## AIM OF THE EXERCISE
Make an exact copy of the records below, excluding images.

## DATA FOR THIS TASK
--------------------------------

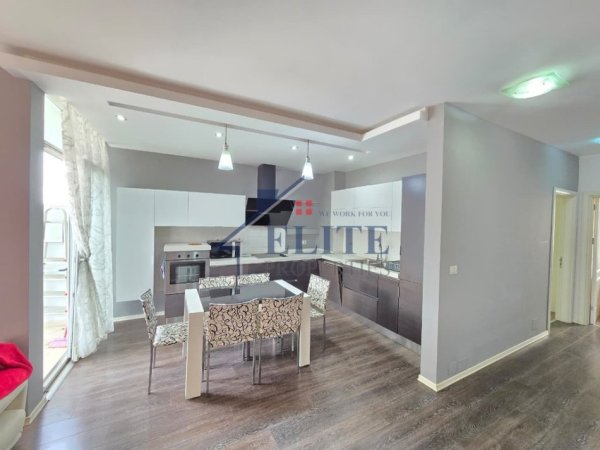 Tirane, jepet me qera apartament 2+1+Ballkon Kati 3, 100 m² 700 € (Kodra e Diellit)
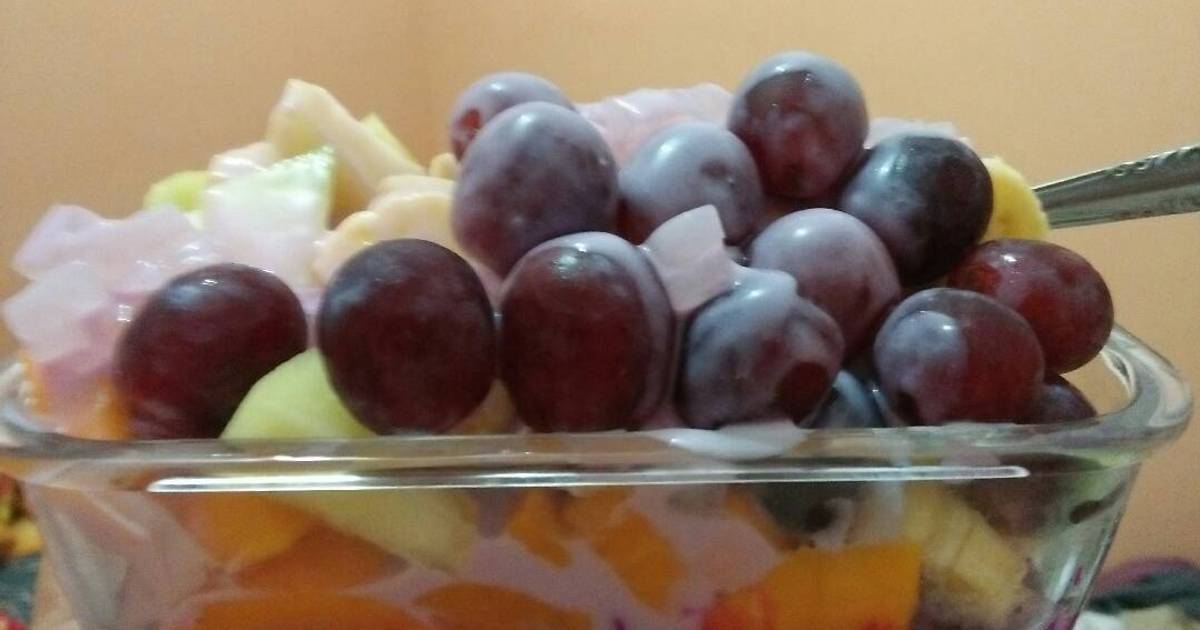 Resep Salad  buah  oleh astrimur Cookpad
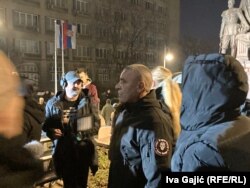 Учасник акції (праворуч) із символікою «Вагнера» на одязі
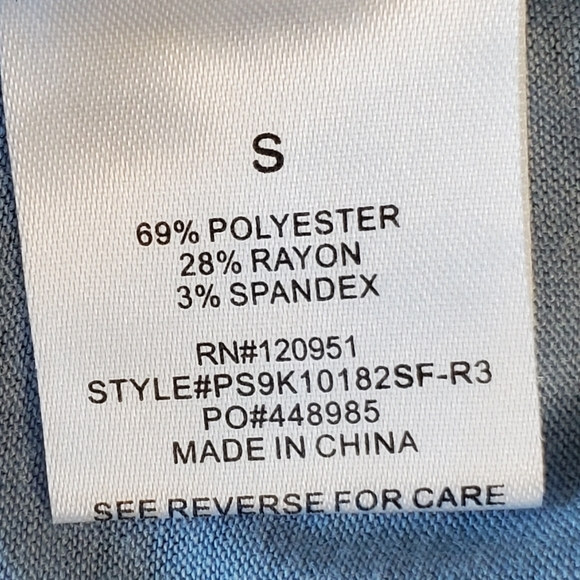 PINQUE Tie-up Crop Top - Picture 6 of 7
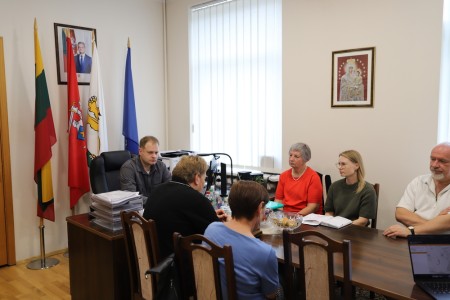 Susitikimas su Lietuvos gyventojų genocido ir rezistencijos tyrimo centro atstovais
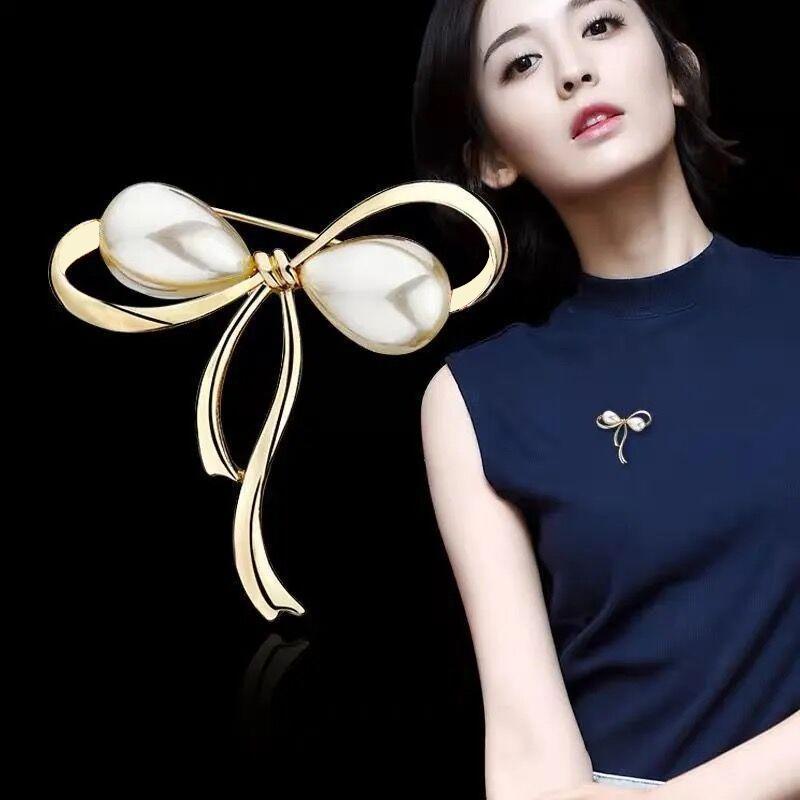 Elegant Pearl Bow Brooch: High-End Women's Corsage, Neckline Pin, and Cardigan Accessory.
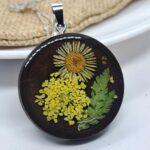 Naszyjnik z chryzantemą i dziką marchwią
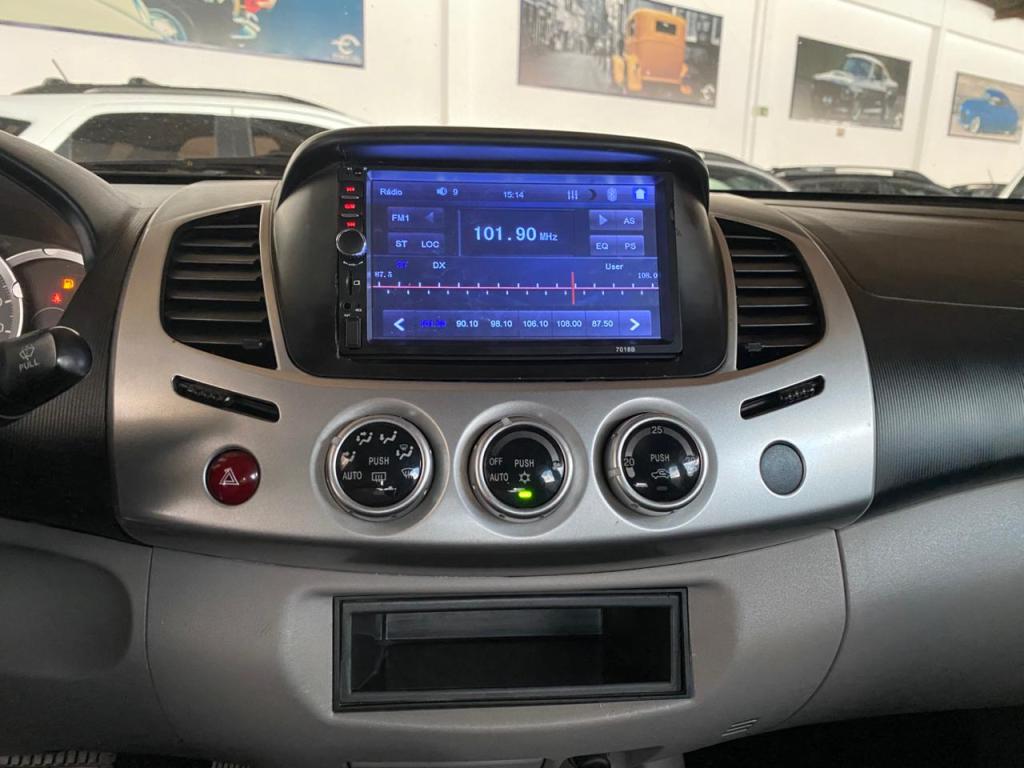 MITSUBISHI L 200 Triton - Foto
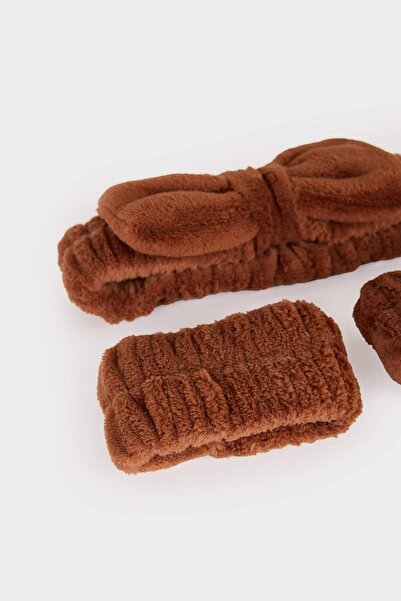 DeFacto Σετ εφαρμογής μακιγιάζ και περιποίησης δέρματος για γυναίκες με 2 κορδέλες και βραχιόλια από πετσέτα F6657AXNS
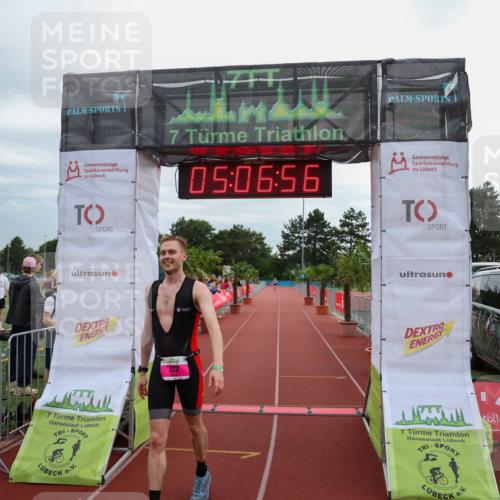 15.06.2025 - 7 Türme Triathlon Michael Strokosch http://msf.ph/oto/8013461 15.06.2025 15:06:56 Ziel 222 meine-sportfotos.de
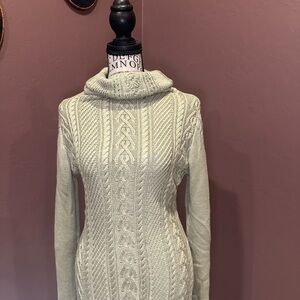 Women's Cable Knit Sweater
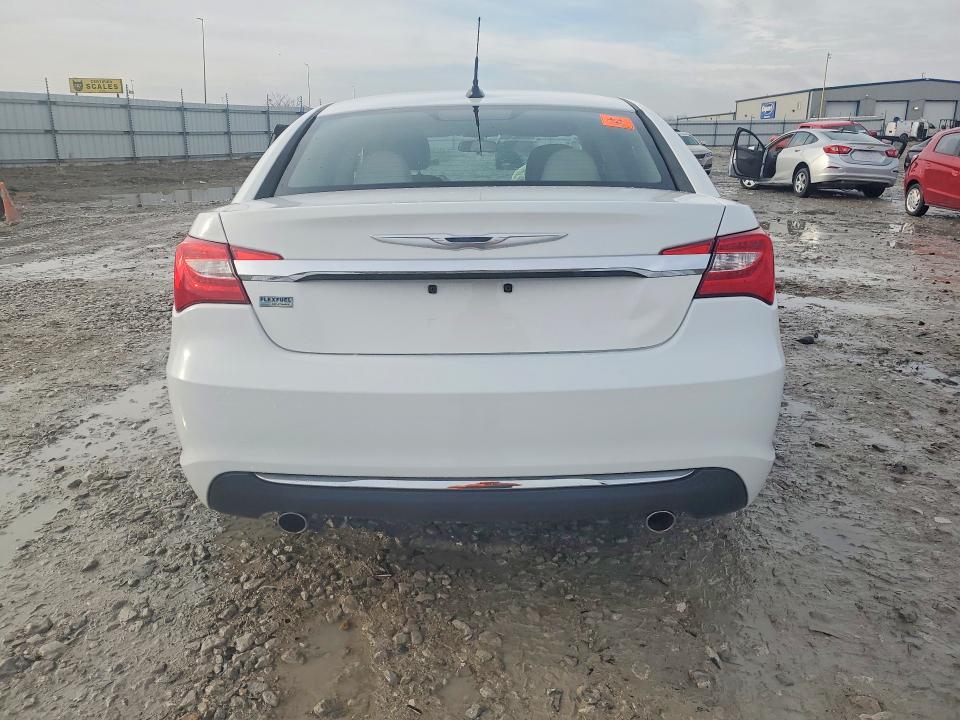 Продажа на аукционе авто 2013 Chrysler 200, vin: 1C3CCBBG4DN703477, номер лота: 79129635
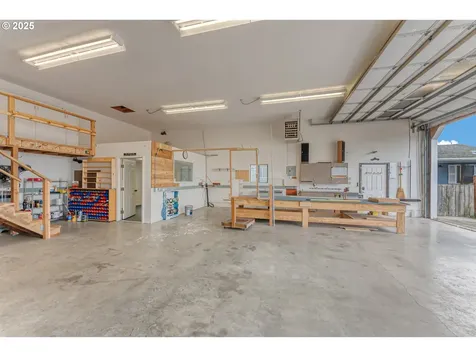 762 Stinson Street Independence OR 97351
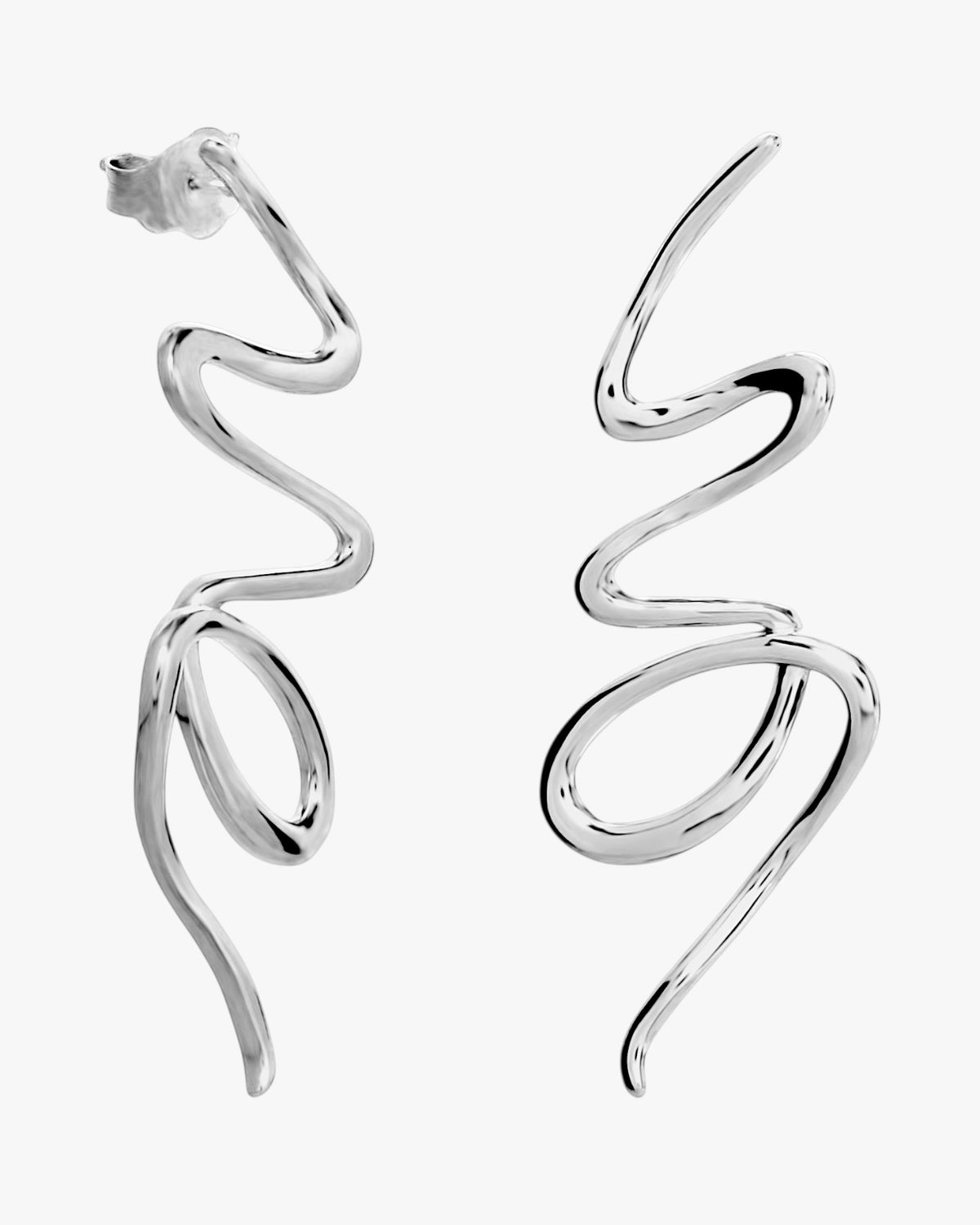 Pendientes de diseño de plata con silueta ondulada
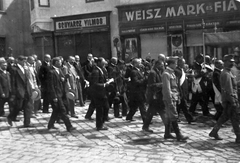 Magyarország, Szentendre, Fő tér, Kereskedőház. Úrnapi körmenet., 1926, Storymap.hu, kereskedelem, trafik, üzletportál, Schwarcz Vilmos, Weisz Márk, Fortepan #30843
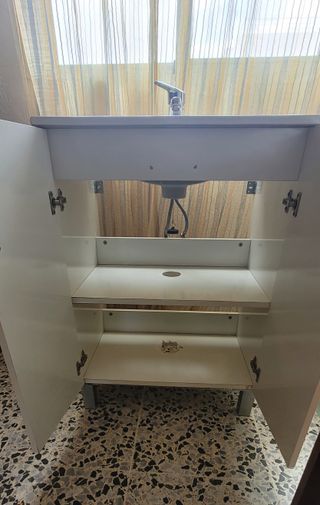 Mueble de baño con lavabo 60cm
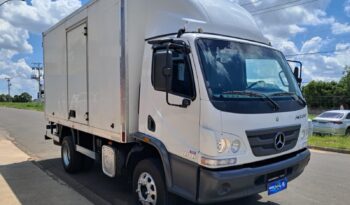 MB Accelo 1016 4X2 CE Baú Carga Seca VUC – (2018) completo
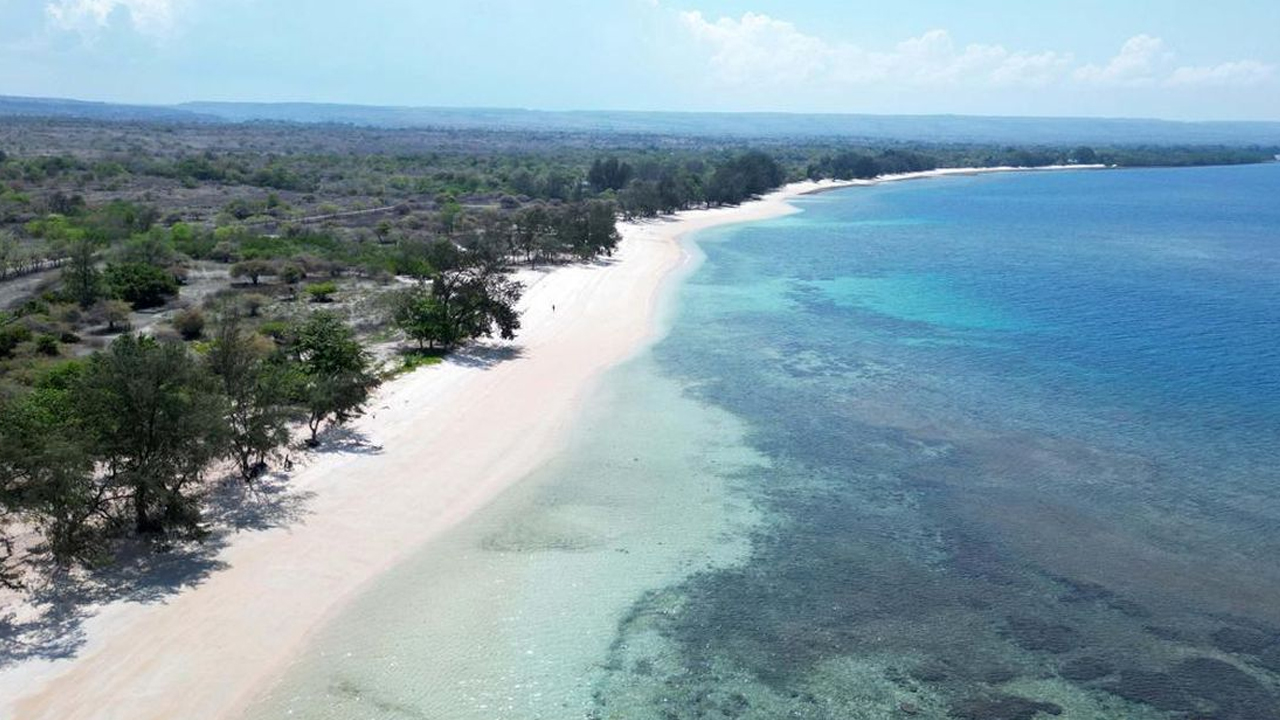 Menikmati Pesona Pantai Puru Kambera di Sumba Timur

--------------------------------

## RESPONSE BOX
 Tirane, jepet me qera apartament 2+1+Ballkon Kati 3, 100 m² 700 € (Kodra e Diellit)
 Resep Salad  buah  oleh astrimur Cookpad
 Учасник акції (праворуч) із символікою «Вагнера» на одязі
 PINQUE Tie-up Crop Top - Picture 6 of 7
 Susitikimas su Lietuvos gyventojų genocido ir rezistencijos tyrimo centro atstovais
 Elegant Pearl Bow Brooch: High-End Women's Corsage, Neckline Pin, and Cardigan Accessory.
 Naszyjnik z chryzantemą i dziką marchwią
 MITSUBISHI L 200 Triton - Foto
 DeFacto Σετ εφαρμογής μακιγιάζ και περιποίησης δέρματος για γυναίκες με 2 κορδέλες και βραχιόλια από πετσέτα F6657AXNS
 15.06.2025 - 7 Türme Triathlon Michael Strokosch http://msf.ph/oto/8013461 15.06.2025 15:06:56 Ziel 222 meine-sportfotos.de
 Women's Cable Knit Sweater
 Продажа на аукционе авто 2013 Chrysler 200, vin: 1C3CCBBG4DN703477, номер лота: 79129635
 762 Stinson Street Independence OR 97351
 Pendientes de diseño de plata con silueta ondulada
 Magyarország, Szentendre, Fő tér, Kereskedőház. Úrnapi körmenet., 1926, Storymap.hu, kereskedelem, trafik, üzletportál, Schwarcz Vilmos, Weisz Márk, Fortepan #30843
 Mueble de baño con lavabo 60cm
 MB Accelo 1016 4X2 CE Baú Carga Seca VUC – (2018) completo
 Menikmati Pesona Pantai Puru Kambera di Sumba Timur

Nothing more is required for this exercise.